Three more songs occupy the second side. The first two are shorter pieces in relation to the two giants on the album - "Circumstances" (4/5), a track about Peart's life away from his Canadian hometown in England and his journey to find himself (similar to their 1975 hit "Fly by Night"). A comfortable song, it is not an astounding masterpiece, but rather a fine track that cannot be summed up as filler content. The other short track is "The Trees" (5/5), considered by some Rush fans as one of their best songs. Based upon a children's story that is an allegory to class warfare, it pits two species of trees as they fight over sunlight, with the smaller trees crying "oppression" in the words of the proletariat to the bourgeoisie. An odd choice for a theme, especially as the band was considered to be heavily libertarian (as evidenced by the songs "Anthem", "2112", and so forth), but Peart denies having any ideological consensus with the story's message. Also notable on this song is the calming acoustic intro by guitarist Alex Lifeson - which would later be expanded into its own song titled "Broon's Bane". Overall, a brilliant song and one of their best as well. Finally, the album is ended by a very ambitious instrumental track titled "La Villa Strangiato (An Exercise in Self-Indulgence)" (5/5) which would test the musical virtuosity of all three band members. With twelve parts in total inspired by a dream of Lifeson's, it is truly a masterpiece of the genre, with ruthless drumming by Peart, establishing himself as one of rock's best, and intricate bass and guitar work by both Lee and Lifeson. This song alone took more time to record than the band's whole 1975 "Fly by Night" album, and is a fan favorite, despite being pretty much retired due to the band's lack of stamina as they grow older.

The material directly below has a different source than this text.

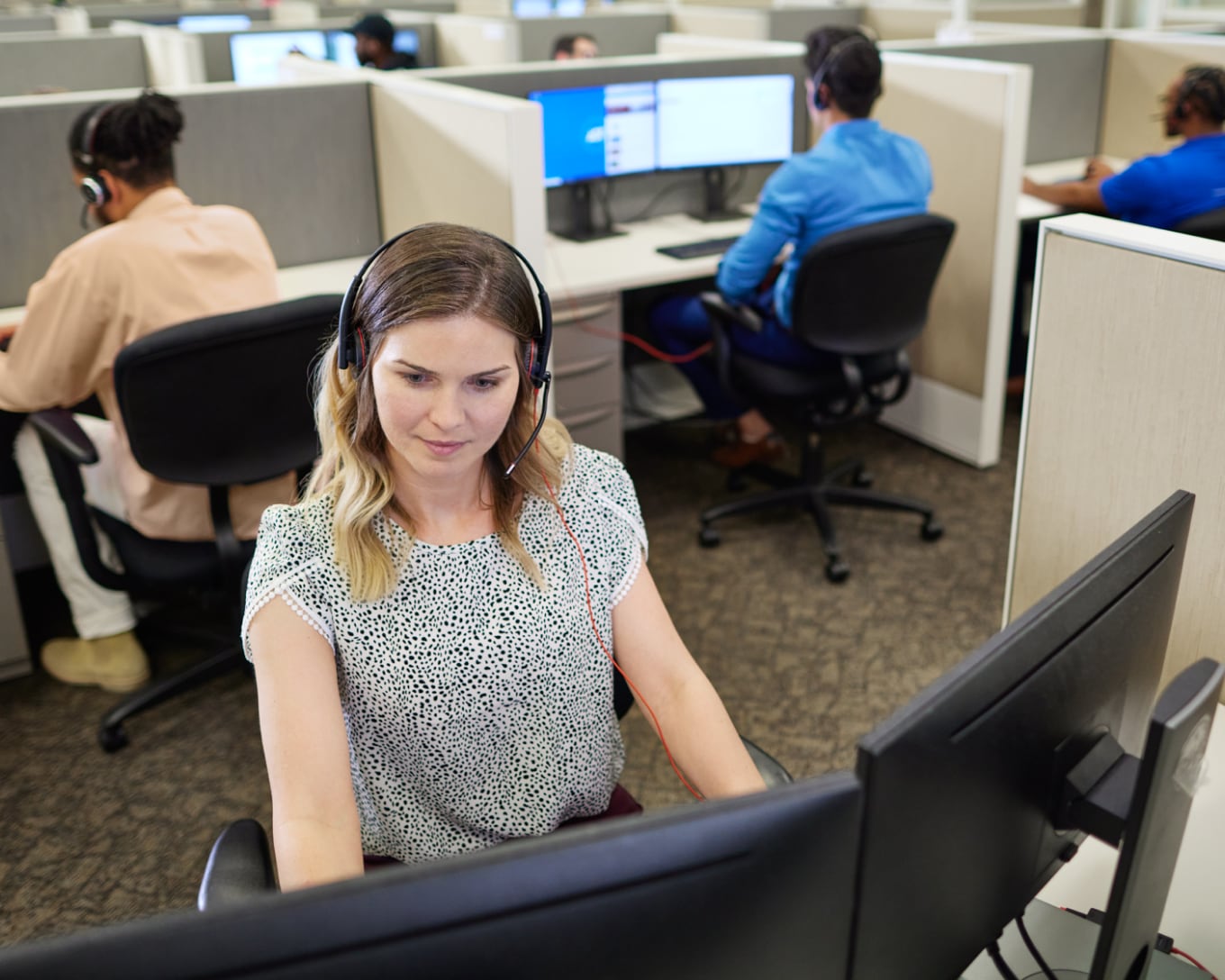 ADT call center employee smiling and talking into a headset ADT call center employee smiling and talking into a headset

"Hemispheres" would be the last strictly prog rock album the band would make. Its intricacy and pretentious nature ultimately drove the band in a more commercial direction - one which would eventually yield them mainstream success with a more new wave sound. This song would also feature their last song to date above twelve minutes, and the last to feature the glockenspiel, wind chimes, and gong that Peart used so well for ambience on this album, as well as "A Farewell to Kings." It's my personal favorite Rush album due to its well-structured, unique songs, and it deserves great honor. I enjoyed this album so much I eventually purchased a limited release Canadian red vinyl of the album - which sits at the pinnacle of my LP collection to this day. It isn't perfect, but it is pretty well near there, and deserves a "rare" five-star rating. A great album for prog fanatics and those who want to get into the world of prog from heavier rock and metal.